**PROBLEM DETAILS**
Only one span is wanted from the lines below: from the one with "Cover: Aus der" up to and including the one with "Sivasspor Yeni Sezon İçin İsim Sponsorunu Belirledi Sivasspor". Copy it exactly, without images.

**RECORDS SUPPLIED**
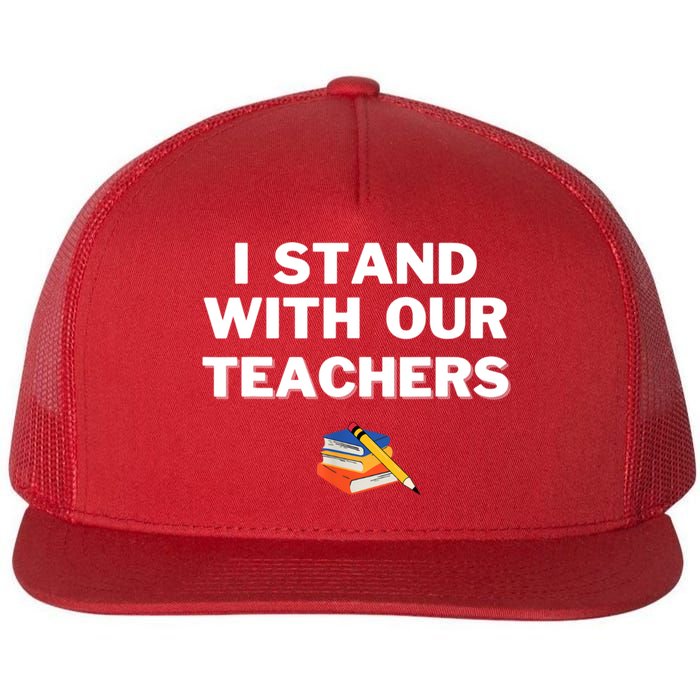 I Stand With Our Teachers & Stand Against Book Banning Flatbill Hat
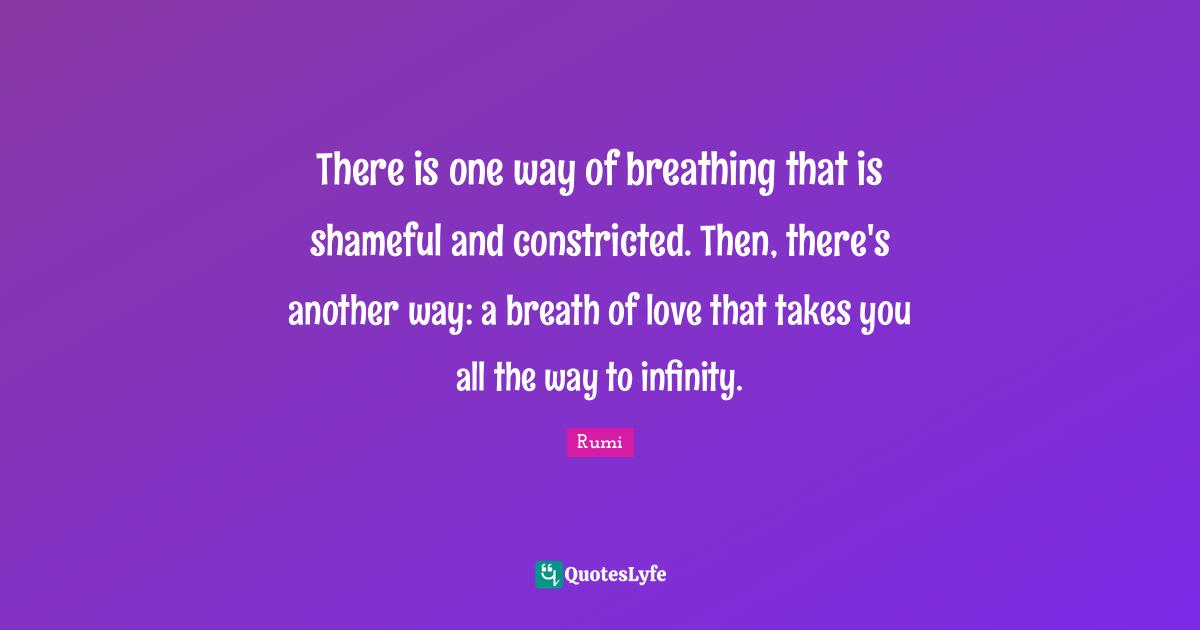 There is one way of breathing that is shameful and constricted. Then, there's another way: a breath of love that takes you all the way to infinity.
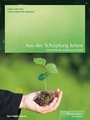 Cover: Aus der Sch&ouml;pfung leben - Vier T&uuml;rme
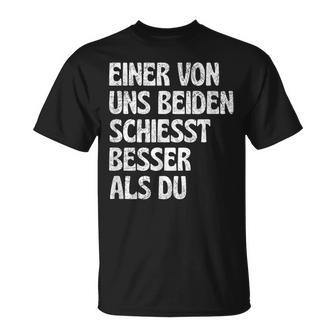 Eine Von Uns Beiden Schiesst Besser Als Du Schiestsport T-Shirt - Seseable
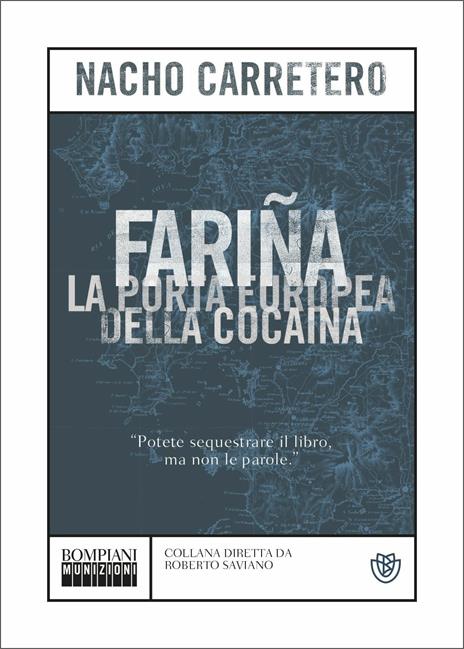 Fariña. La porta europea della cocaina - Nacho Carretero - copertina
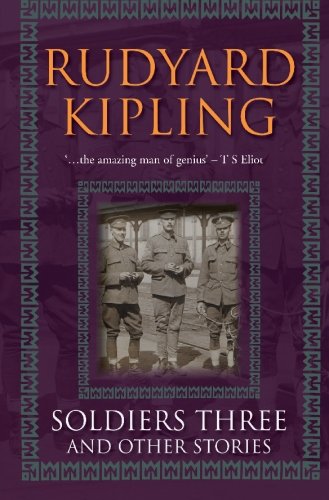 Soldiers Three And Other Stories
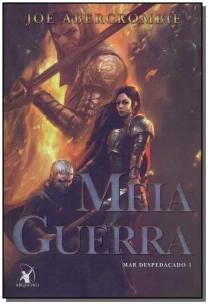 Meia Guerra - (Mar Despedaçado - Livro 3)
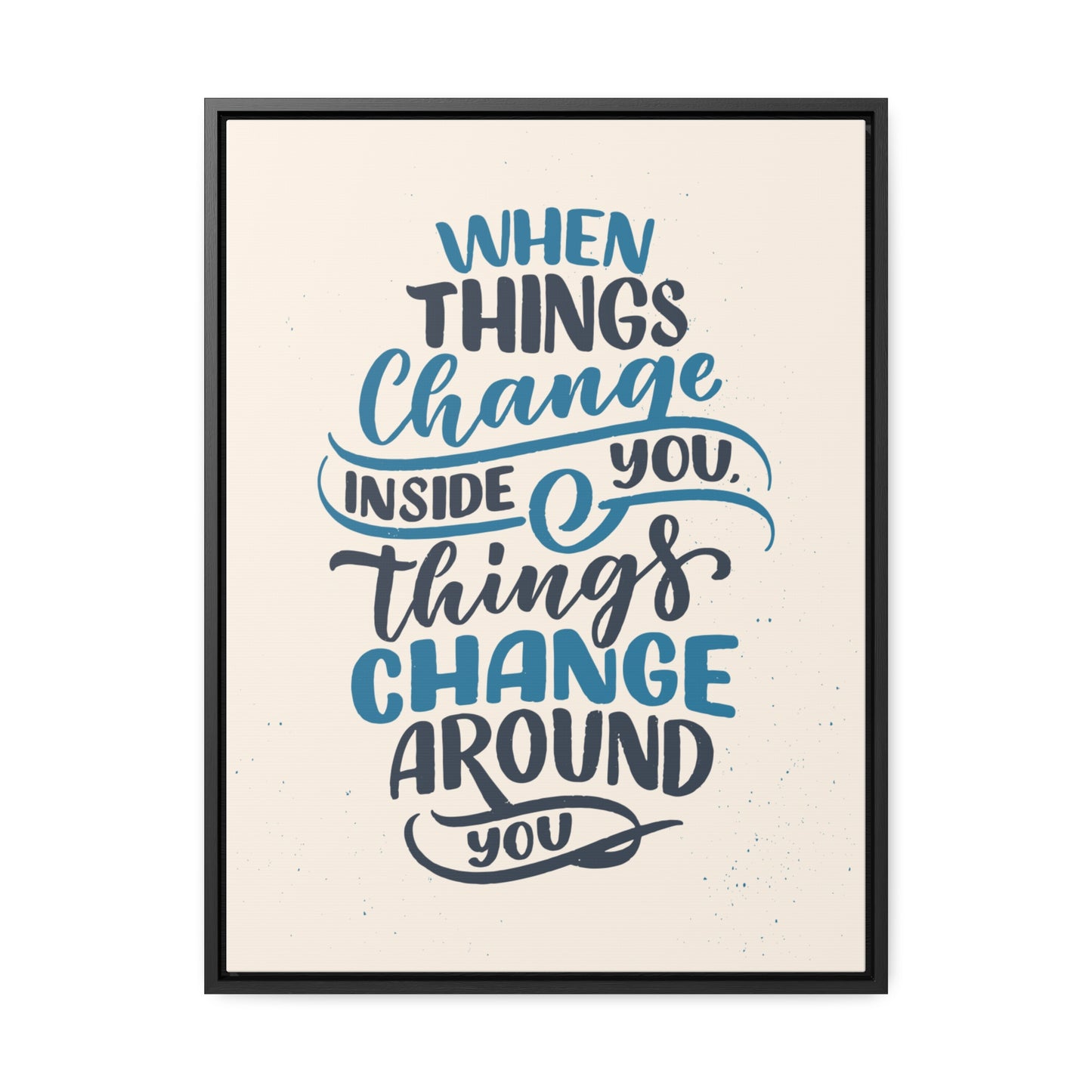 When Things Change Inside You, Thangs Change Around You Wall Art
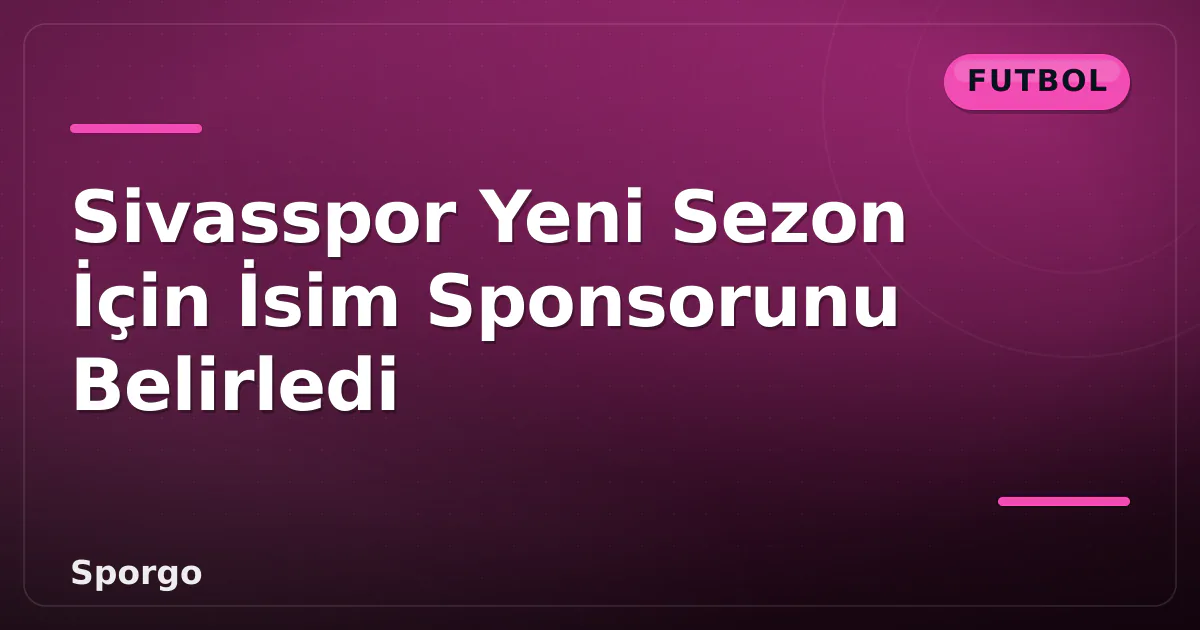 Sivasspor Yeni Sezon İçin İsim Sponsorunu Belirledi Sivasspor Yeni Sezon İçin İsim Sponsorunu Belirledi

==

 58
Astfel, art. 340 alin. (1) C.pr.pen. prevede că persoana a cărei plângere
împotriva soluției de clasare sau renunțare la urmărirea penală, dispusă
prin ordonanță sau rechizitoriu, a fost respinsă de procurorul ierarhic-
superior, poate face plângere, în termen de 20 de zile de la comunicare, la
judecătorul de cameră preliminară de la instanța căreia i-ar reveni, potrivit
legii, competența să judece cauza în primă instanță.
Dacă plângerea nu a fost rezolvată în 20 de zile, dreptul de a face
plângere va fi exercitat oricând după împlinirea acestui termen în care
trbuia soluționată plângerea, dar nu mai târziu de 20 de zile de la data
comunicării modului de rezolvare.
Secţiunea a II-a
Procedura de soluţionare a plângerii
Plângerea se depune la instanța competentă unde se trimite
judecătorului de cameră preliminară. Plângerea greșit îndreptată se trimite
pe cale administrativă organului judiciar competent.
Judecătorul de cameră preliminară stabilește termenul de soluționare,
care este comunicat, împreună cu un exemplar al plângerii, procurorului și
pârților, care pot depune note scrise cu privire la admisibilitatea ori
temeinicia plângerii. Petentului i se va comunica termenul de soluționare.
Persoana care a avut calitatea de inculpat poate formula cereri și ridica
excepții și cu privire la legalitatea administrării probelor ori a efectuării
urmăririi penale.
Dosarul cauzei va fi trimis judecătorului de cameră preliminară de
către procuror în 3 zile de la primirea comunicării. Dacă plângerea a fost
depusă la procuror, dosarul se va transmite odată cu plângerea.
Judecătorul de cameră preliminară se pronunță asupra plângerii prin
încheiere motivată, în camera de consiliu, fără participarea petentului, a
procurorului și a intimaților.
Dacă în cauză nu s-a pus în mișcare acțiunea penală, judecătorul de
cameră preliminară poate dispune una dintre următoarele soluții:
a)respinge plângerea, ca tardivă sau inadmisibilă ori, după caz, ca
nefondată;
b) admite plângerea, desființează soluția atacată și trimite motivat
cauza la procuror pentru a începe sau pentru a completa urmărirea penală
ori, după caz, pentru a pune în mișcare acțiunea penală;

--

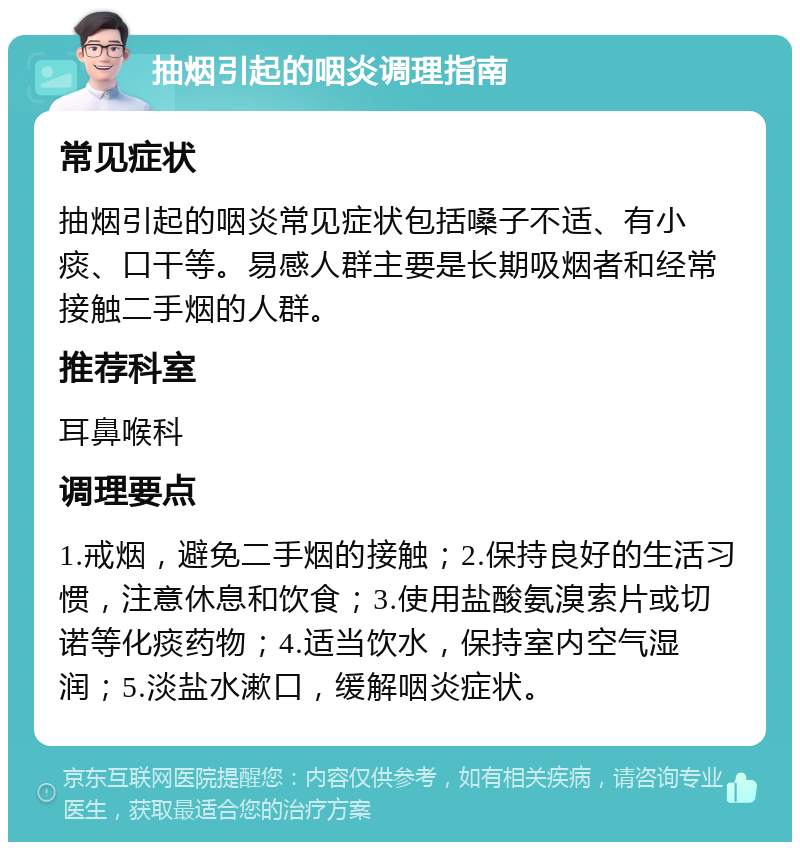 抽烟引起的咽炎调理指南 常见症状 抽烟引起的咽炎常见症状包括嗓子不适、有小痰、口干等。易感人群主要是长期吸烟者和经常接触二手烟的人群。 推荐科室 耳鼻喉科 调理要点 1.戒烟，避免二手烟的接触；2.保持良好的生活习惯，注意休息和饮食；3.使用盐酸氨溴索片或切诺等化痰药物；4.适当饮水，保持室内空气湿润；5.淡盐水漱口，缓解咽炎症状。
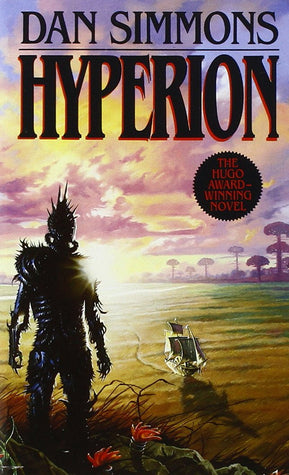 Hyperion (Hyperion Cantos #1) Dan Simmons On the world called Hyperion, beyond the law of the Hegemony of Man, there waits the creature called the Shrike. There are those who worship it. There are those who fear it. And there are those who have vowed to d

**RESULT**
 Cover: Aus der Sch&ouml;pfung leben - Vier T&uuml;rme
 Eine Von Uns Beiden Schiesst Besser Als Du Schiestsport T-Shirt - Seseable
 Fariña. La porta europea della cocaina - Nacho Carretero - copertina
 Soldiers Three And Other Stories
 Meia Guerra - (Mar Despedaçado - Livro 3)
 When Things Change Inside You, Thangs Change Around You Wall Art
 Sivasspor Yeni Sezon İçin İsim Sponsorunu Belirledi Sivasspor Yeni Sezon İçin İsim Sponsorunu Belirledi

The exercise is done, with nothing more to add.